Anyways, I thought the WBC was a satire group, or am I thinking of the wrong thing?


----------



## dickfour (Dec 17, 2012)

Great so now anonymous is exploiting a tragedy for publicity What a bunch of scumbags. Is anyone afraid of anonymous? What are they going to do, take down the WBC home page for a few hours? I'm sure that has WBC shaking in their boots.


----------



## Depravo (Dec 17, 2012)

ShadowSoldier said:


> Anyways, I thought the WBC was a satire group, or am I thinking of the wrong thing?

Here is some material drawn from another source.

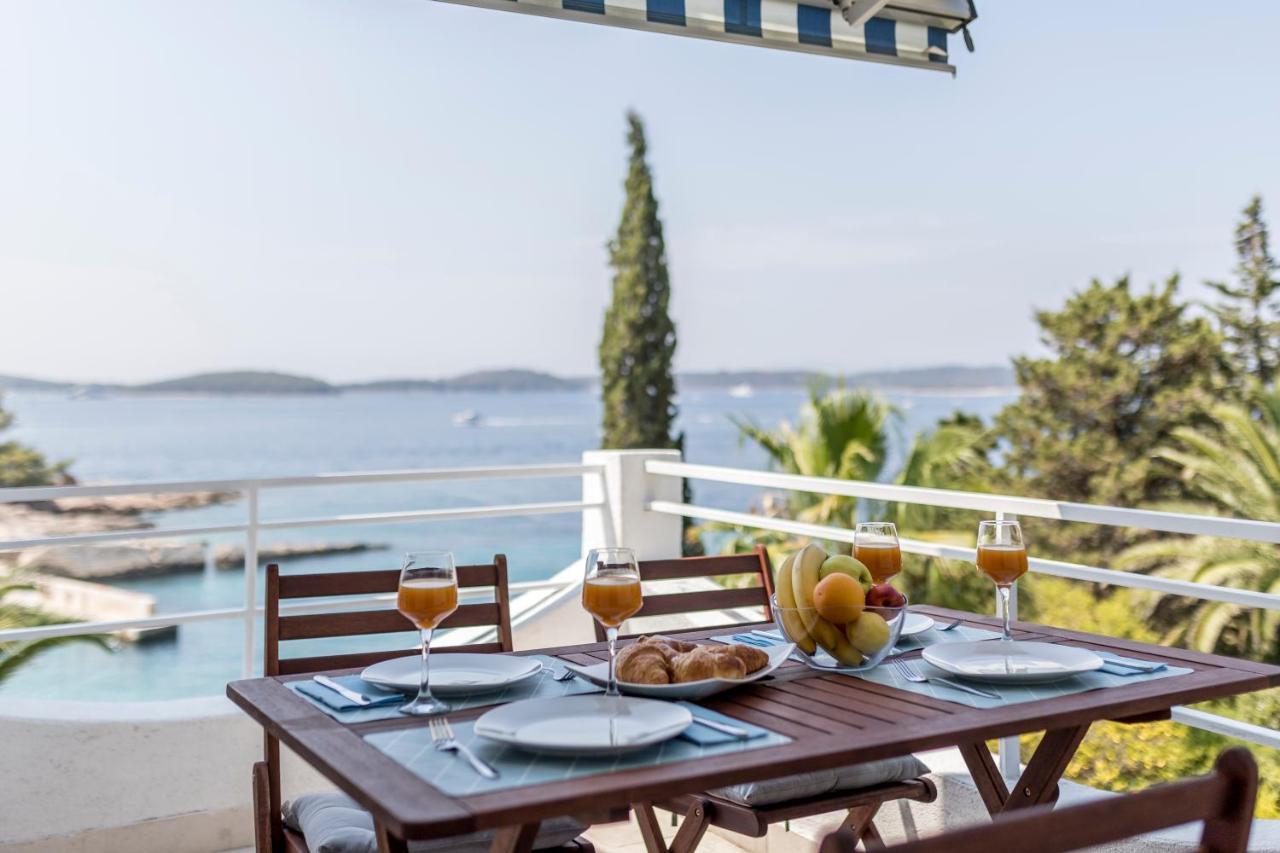 Apartment Shades Of Blue Đảo Hvar Ngoại thất bức ảnh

You're probably thinking of the Landover Baptist Church. The WBC are a very real hate group masquerading as a religious organisation.


----------



## Nathan Drake (Dec 17, 2012)

Guys, do remember: although Anonymous tends to be represented by script kiddies that do nothing but DDoS attacks, there are times they've supposedly taken it a step further. The name Anonymous is naught but a cover for anybody that wants to use it. It can imply that they're backed by thousands, and it can imply that they're backed by near nobody. It can imply that they really know what they're doing, or it can imply that they're script kiddies. It can imply that their causes will be noble, and it implies that their causes could be trash.

It's nothing but a name. Try not to read into that so much as what they _could_ do based on whoever may be backing this specific section of Anonymous.

Oh, and for as the actual topic, it doesn't matter much. Saying that either group is abusing the tragedy for publicity doesn't really matter, as politicians were using it day one for publicity so that they could push their personal agendas. It isn't like anybody is really right, but I think we can all agree that WBC is wrong.


----------



## dickfour (Dec 17, 2012)

I have to say that I stand with the WBC's right of free speech. Anonymous are a bunch of little fascists by trying to trample the rights of others for a cause they deem worthy.In a free society you can counter protest but you don't threaten someone else's civil liberties no matter how much you disagree with them.


----------



## chyyran (Dec 17, 2012)

dickfour said:


> I have to say that I stand with the WBC's right of free speech. Anonymous are a bunch of little fascists by trying to trample the rights of others for a cause they deem worthy. In a free society you can counter protest but you don't threaten someone else's civil liberties no matter how much you disagree with them.


 
If the "cause" of celebrating the murders of children is worthy to them, they should be classified as terrorists and have them removed from Earth. Oh wait, calling someone a terrorist implies being a human.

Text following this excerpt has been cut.